Nasib ribuan calon mahasiswa di Indonesia salah satunya ditentukan melalui UTBK-SBMPTN. Tes masuk perguruan tinggi negeri ini menuai polemik serta memotret kejadian unik tiap tahunnya. Kecurangan yang dilakukan beberapa peserta UTBK sempat ramai diperbincangkan di berbagai media sosial serta berita nasional. Tidak hanya itu, salinan google drive yang memuat bukti kecurangan pun dapat dengan mudah kita dapatkan. Ketua Lembaga Tes Masuk Perguruan Tinggi (LTMPT) Pusat, Mochamad Ashari membenarkan bahwa terdapat pula kecurangan dalam bentuk praktik perjokian yang dilakukan oleh peserta. Namun, segala bentuk kecurangan akan diproses secara verbal dan tertulis serta dilaporkan pada pihak berwajib (JawaPos.com, 23/05/2022).
Ketika membahas mengenai kecurangan, sepertinya sudah tidak asing lagi dan menjadi langganan di negeri ini. Lain halnya dengan calon mahasiswa, para pejabat negara pun kerap melakukannya. Korupsi dan penggelapan dana merupakan contoh kongkrit yang dapat kita lihat sampai saat ini. Dalam kacamata Akuntansi, Donald R Cressey mengemukakan bahwa penyebab kecurangan (fraud) tidak lain karena tiga alasan yang mendasarinya. Hal ini dikenal dengan teori Fraud Triangle atau segitiga Fraud. Pertama, kecurangan terjadi karena adanya tekanan dari dalam diri ataupun lingkungan. Kedua, adanya kesempatan atau peluang untuk melakukan tindakan kecurangan. Kemudian yang ketiga, setiap pelaku kecurangan pasti memberikan alasan sebagai bentuk pembelaan. Ketiga hal tersebut memberikan pencerahan bahwa kecurangan terjadi berdasarkan tahapan atau pola yang sama. Calon mahasiswa pastinya menginginkan Perguruan Tinggi Negeri (PTN) sebagai tempat menimba ilmu setelah melalui sekolah menengah, tentu saja tujuan ini menjadi urgensi tersendiri bagi mereka hingga menghalalkan cara-cara yang melanggar hukum.
Sebenarnya delik kecurangan sudah ada sejak dulu dan menjadi budaya hingga saat ini. Pada hakikatnya, budaya tidak terbatas pada adat-istiadat saja, namun kebiasaan yang terus-menerus dilakukan oleh manusia yang sifatnya turun-temurun, contohnya bentuk kecurangan pada bidang pendidikan. Hal ini melekat pada aktivitas sehari-hari terutama seorang pembelajar.

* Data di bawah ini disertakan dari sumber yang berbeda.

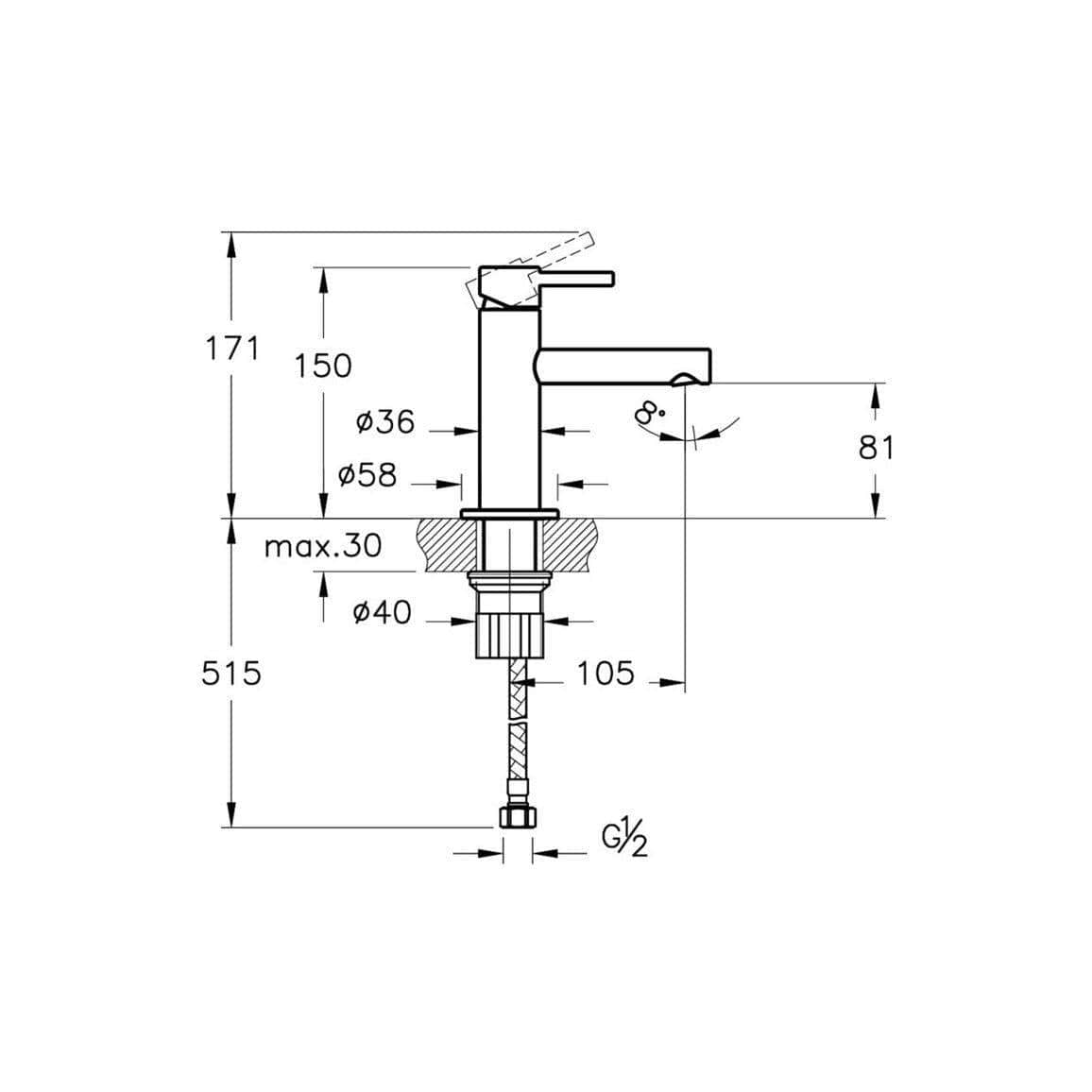 VitrA Cloakroom Tap VitrA Origin Compact Basin Mixer Tap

Banyak dari mereka didoktrin untuk mendapat nilai yang memuaskan, berprestasi, dan mendapat peringkat. Situasi semacam inilah yang membuat mereka tertekan sehingga berani untuk melakukan tindakan yang tidak terpuji. Menyontek ketika ujian, membeli kunci jawaban, ataupun joki tugas merupakan contoh kongkrit dari banyaknya tindak kecurangan yang membudaya. Tidak kaget bahwa setiap tahunnya selalu mendapat kabar bahwa ada saja siswa yang melakukan kecurangan. Sebenarnya negeri ini tidak kurang orang yang berpendidikan dan berwawasan luas, namun satu yang penting, kejujuran tetaplah yang utama. Manusia sebagai makhluk yang diberi akal budi, sudah sepatutnya bisa membedakan mana yang baik dan buruk. Melestarikan budaya jujur tidak akan membuatmu rugi.